ACTION ITEM
All lines below starting at the one that holds "Motswiri Private Safari Lodge - breakfast" and ending at the one that holds "Ville di Prestigio" should be printed exactly, ends included. Pictures should not be printed, nor anything else.

RECORDS TO USE
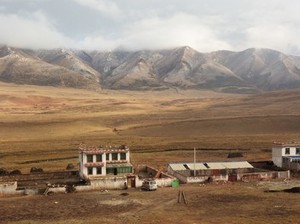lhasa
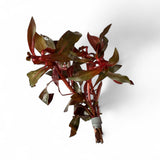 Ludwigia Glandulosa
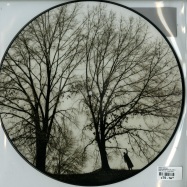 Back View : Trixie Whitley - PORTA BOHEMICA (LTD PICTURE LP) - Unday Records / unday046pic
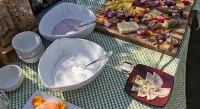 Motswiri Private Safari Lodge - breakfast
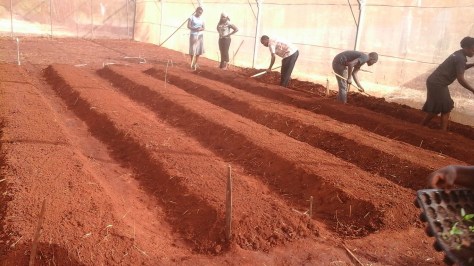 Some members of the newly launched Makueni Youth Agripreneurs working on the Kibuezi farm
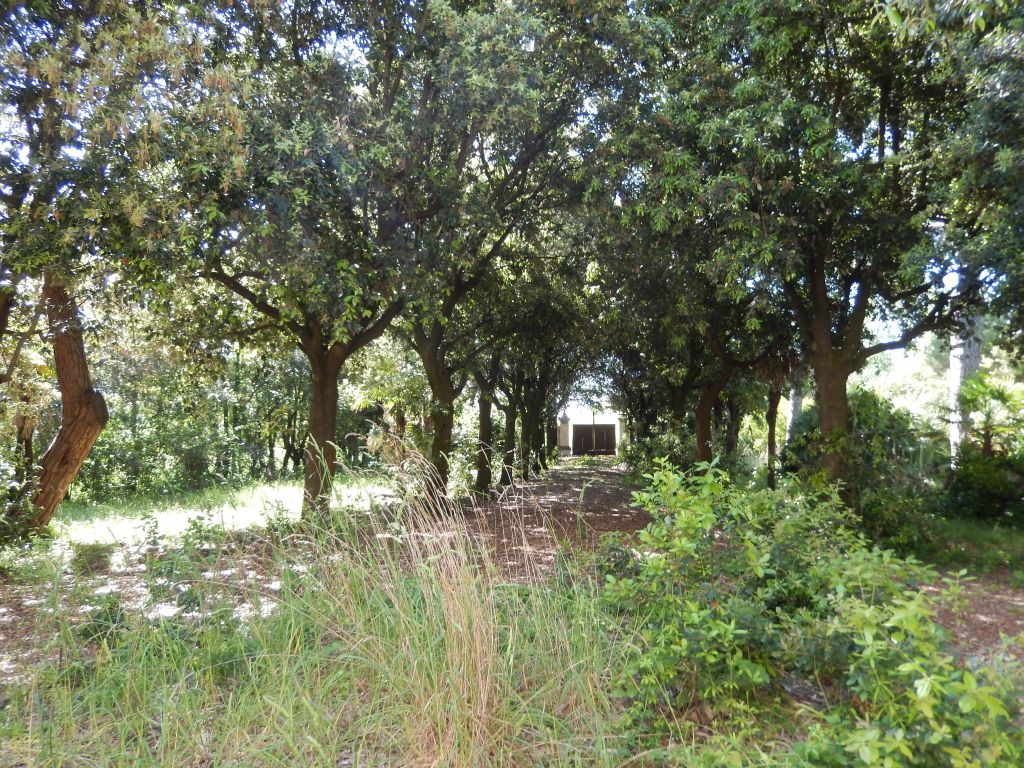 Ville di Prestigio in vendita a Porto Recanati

* * *

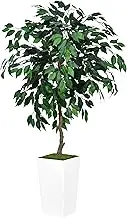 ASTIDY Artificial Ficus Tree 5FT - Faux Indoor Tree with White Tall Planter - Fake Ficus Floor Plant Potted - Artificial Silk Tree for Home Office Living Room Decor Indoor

OUTPUT OF THE TASK
 Motswiri Private Safari Lodge - breakfast
 Some members of the newly launched Makueni Youth Agripreneurs working on the Kibuezi farm
 Ville di Prestigio in vendita a Porto Recanati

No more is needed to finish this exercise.